CHAPTER 38 Primary open rhinoplasty
Rhinoplasty is one the of most exacting procedures in aesthetic surgery. While the analysis and planning involved in the operation are keys to obtain a good result, the actual technique used depends on the surgeon’s preference since many different techniques can produce similar outcomes. As this is one of the most difficult operations to learn, most surgeons gravitate to the techniques they have learned during their training.
The open approach to rhinoplasty has gained popularity in the past two decades. While the traditional closed technique tends to be a fast and efficient method for addressing certain anatomic nasal deformities (particularly those requiring reduction procedures) the open approach offers distinct advantages in terms of visualization and control. Grafts are more accurately secured and suture techniques often obviate the need for grafting all together. The open approach is ideal for the correction of the under projected tip and the severely deviated nose. In revisional nasal surgery, the open technique is desirable since it allows for full visualization of the problematic anatomy.
• Motivation. It is important to have patients verbalize their desires regarding potential changes in their nasal appearance. In order to have a satisfactory outcome, such requests have to be realistic, attainable, and in harmony with the patient’s overall facial features.
• Psychological.
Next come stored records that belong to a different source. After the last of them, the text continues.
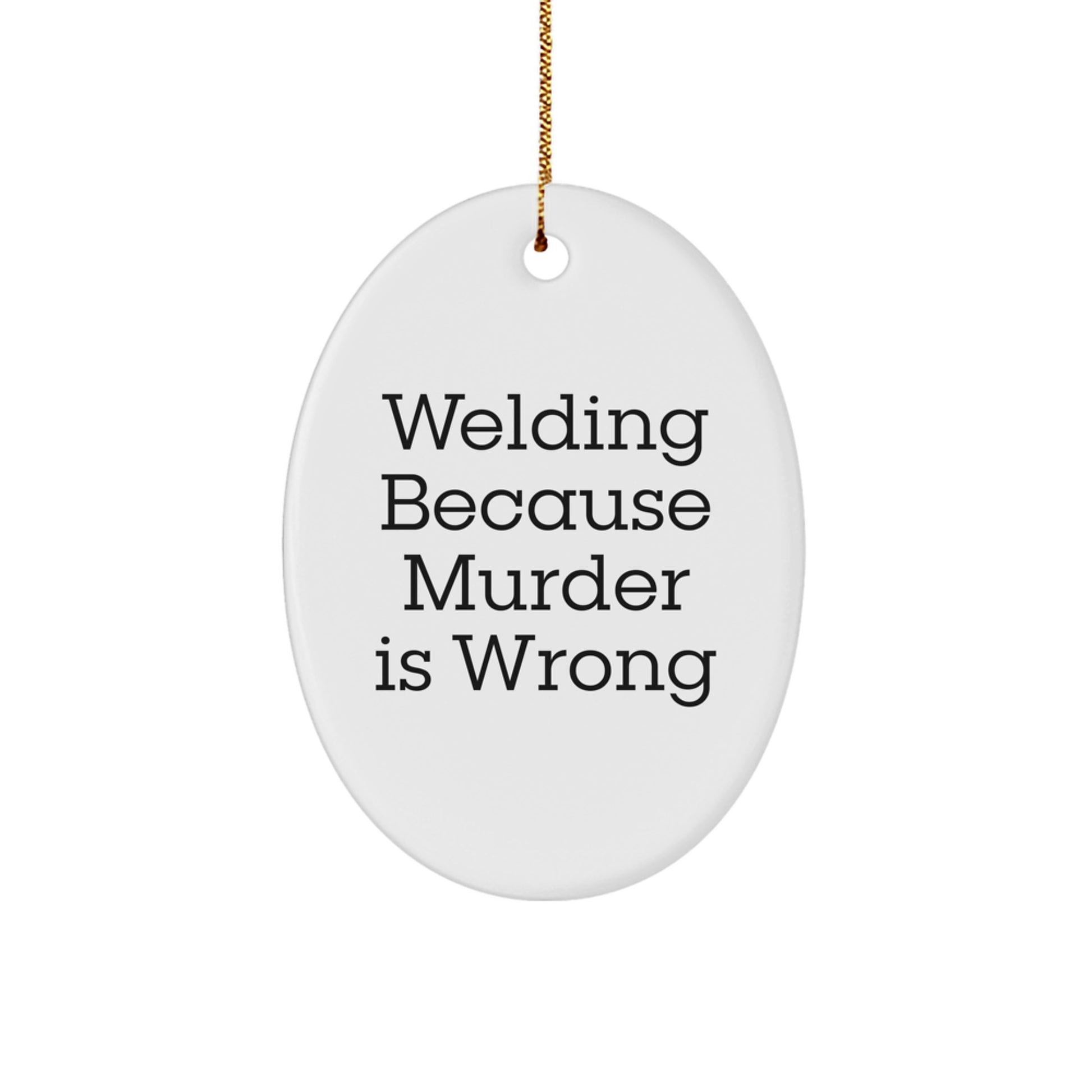 Welding Funny Oval Ornament Gifts from Men, Great for Welding Enthusiasts, Unique Christmas Unique Gifts for Family, Friends, Coworkers, or Loved Ones - Image 1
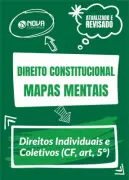 Produto Mapas Mentais Direito Constitucional - Direitos Fundamentais: Individuais, Coletivos, Sociais e Políticos (PDF) - Nova Concursos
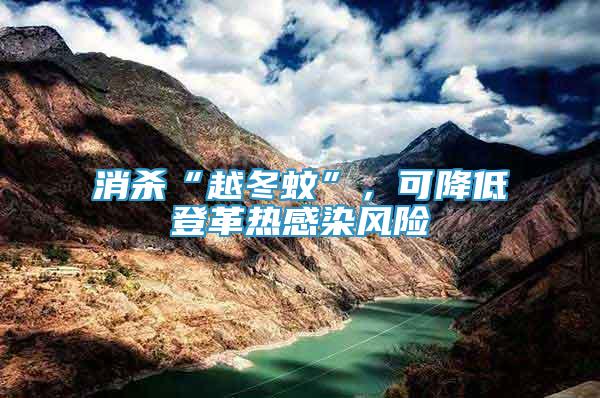 消殺“越冬蚊”，可降低登革熱感染風(fēng)險(xiǎn)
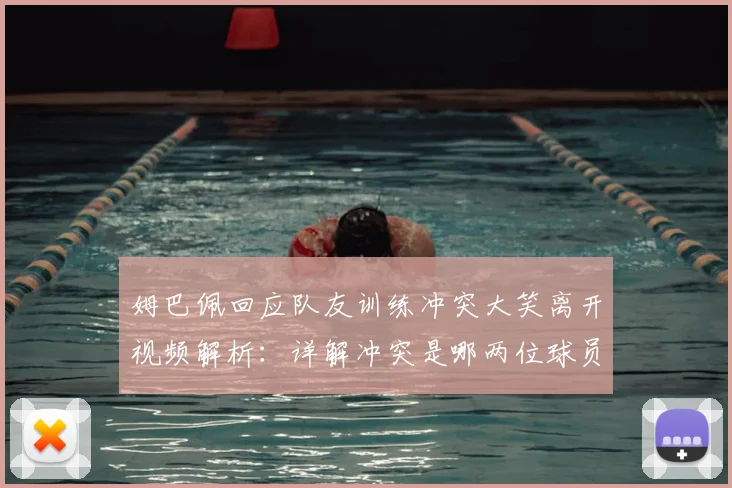 姆巴佩回应队友训练冲突大笑离开视频解析：详解冲突是哪两位球员，分析姆巴佩为何大笑不知情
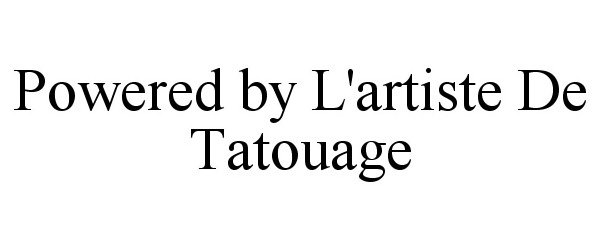  POWERED BY L'ARTISTE DE TATOUAGE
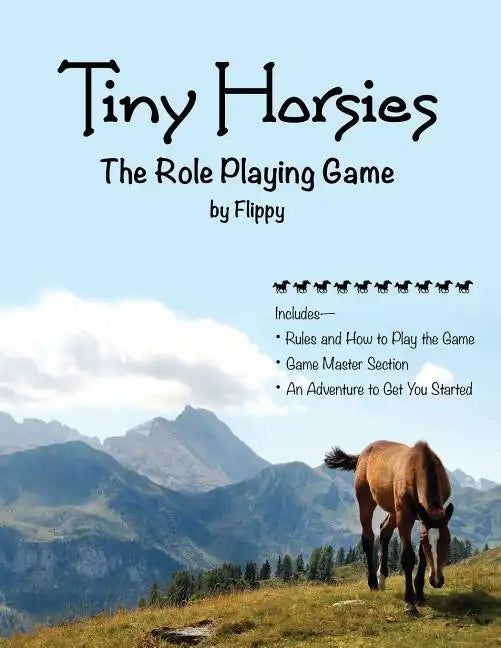 Tiny Horsies: The Role Playing Game - Paperback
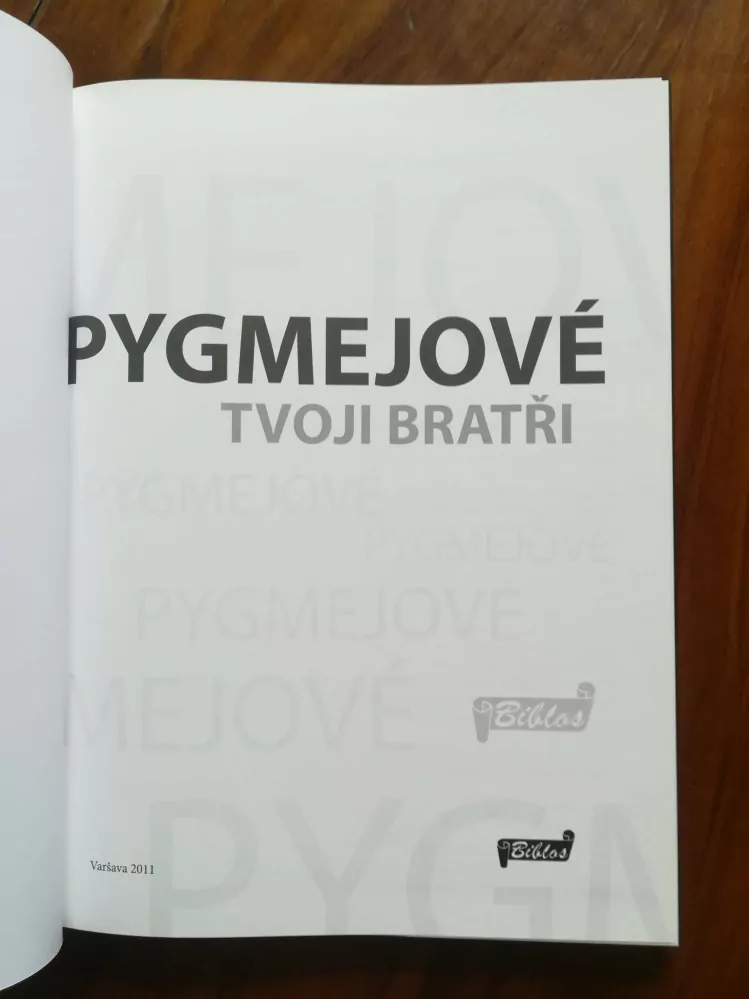 TOMASZ ATLAS - Pygmejové – tvoji bratři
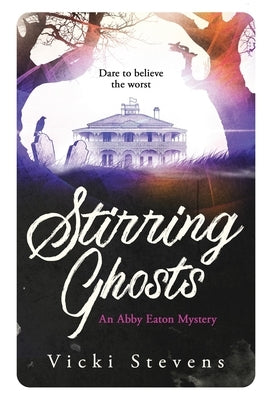Stirring Ghosts by Stevens, Vicki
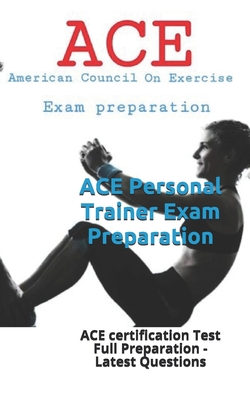 ACE Personal Trainer Exam Preparation: ACE certification Test Full Preparation - Latest Questions - Daccache, Georgio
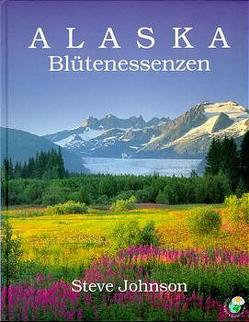 Alaska Blütenessenzen von Albrodt,  Dirk, Egger,  Jörg, Egger,  Renate, Hohlenstein,  Brigitta, Johnson,  Steve, Lanz,  Hans H, Sackmann,  Willi, Wäspi,  Katharina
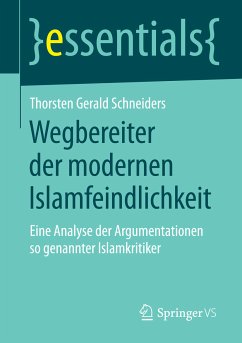 Wegbereiter der modernen Islamfeindlichkeit (eBook, PDF) - Schneiders, Thorsten Gerald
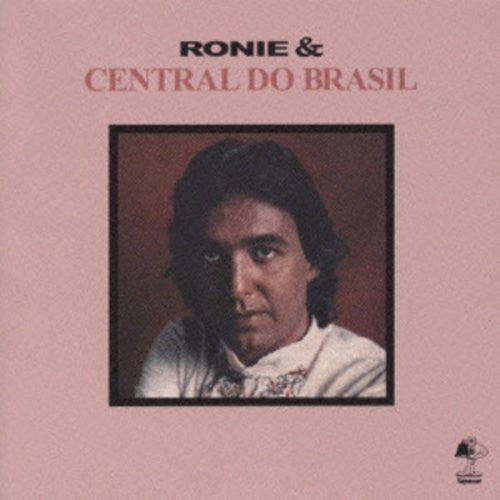 Ronie & Central Do Brasil - Ronie & Central Do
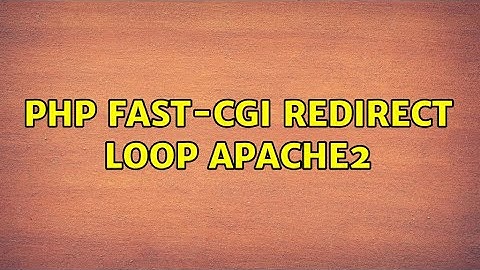 PHP fast-cgi redirect loop apache2
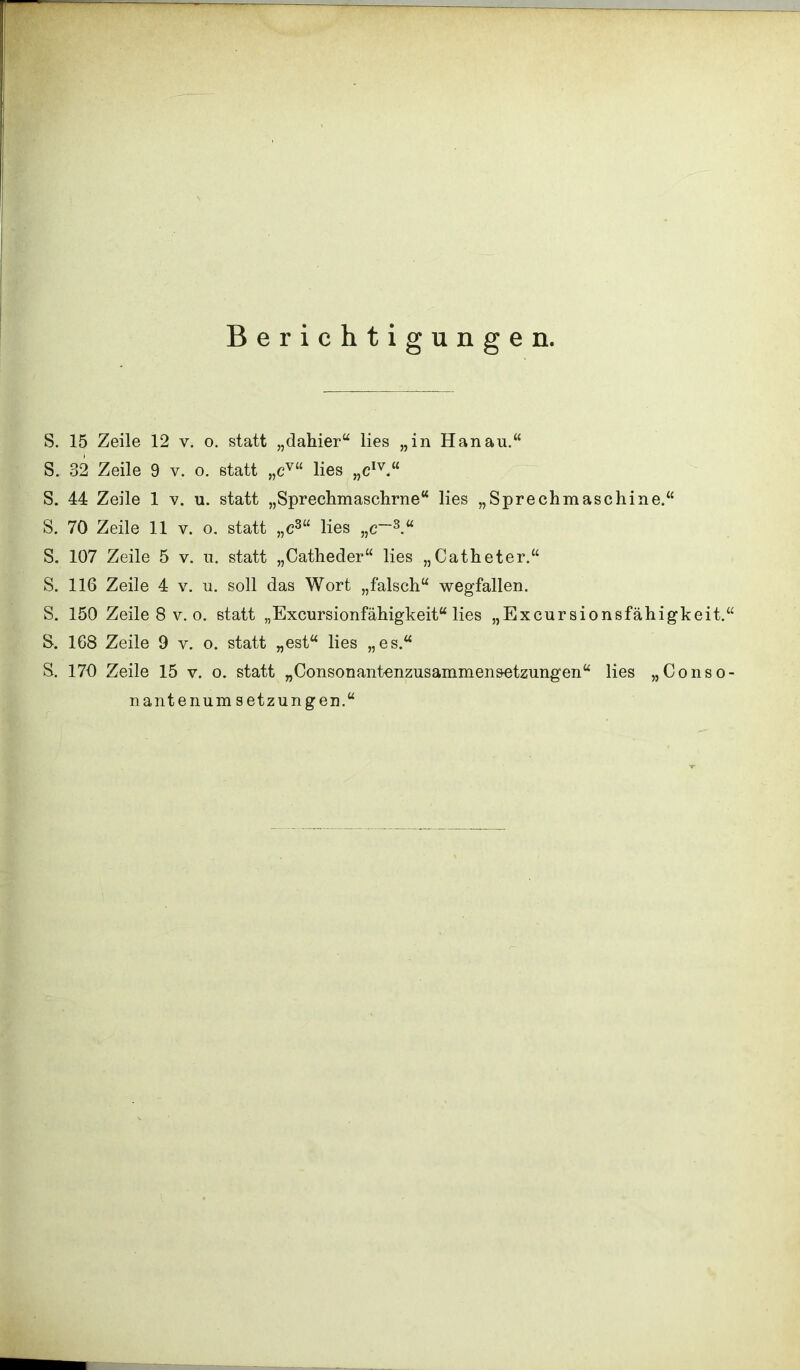 Berichtigungen. S. 15 Zeile 12 v. o. statt „dahier“ lies „in Hanau.“ S. 32 Zeile 9 v. o. statt „ev“ lies „eIv.“ S. 44 Zeile 1 v. u. statt „Sprechmaschrne“ lies „Sprechmaschine.“ S. 70 Zeile 11 v. o. statt „cs“ lies „c~3.“ S. 107 Zeile 5 v. u. statt „Catheder“ lies „Catheter.“ S. 116 Zeile 4 v. u. soll das Wort „falsch“ wegfallen. S. 150 Zeile 8 v. o. statt „Excursionfähigkeit“ lies „Excursionsfähigkeit.“ S. 168 Zeile 9 v. o. statt „est“ lies „es.“ S. 170 Zeile 15 v. o. statt „Consonantenzusammen&etzungen“ lies „Conso- nantenum Setzungen.“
If the surgeon and a patient both agree that a cosmetic deformity exists, and have the same goal for an outcome, it is generally safe to consider a rhinoplasty. Avoid patients who are bothered by deformities that one cannot appreciate, or who are disproportionately bothered by minor deformities. Do not discount the opinions of your office staff, as some patients appear perfectly reasonable in the presence of the physician and remarkably change character when dealing with the staff.
• Anatomic. In addition to visually inspecting the nose for variables such as size, projection, length, dorsal height, and tip configuration, it is very important to palpate the nose. Palpation allows the evaluation of the length of nasal bones, the character of the middle vault, and the quality of tip support. If the nasal bones are short or the middle vault feels weak and narrow on pinching, one should consider the use of spreader grafts. If pressure on the tip reveals poor recoil, tip projection may be deficient thus, necessitating enhancement.
• Functional. It is rather embarrassing to have patients begin complaining of breathing problems only after a cosmetic rhinoplasty. All patients should have an intranasal examination to look for potential troublesome anatomy such as septal deviations, turbinate hypertrophy, and internal and external nasal valve narrowing.
• Photographs. A good set of standardized photographs are mandatory for documentation purposes as well as surgical planning. Views include: Full-face frontal, oblique, profile, smiling profile, and worm’s-eye view. Re-assess your analysis of the face and nose while looking at the pictures.
• Computer imaging. Computer imaging is a powerful tool to enhance communication between the surgeon and the patient. Showing the patient a visual rendition of the potential outcome can reduce the risk of miscommunication and weed out the few patients who have unrealistic expectations or an unorthodox taste.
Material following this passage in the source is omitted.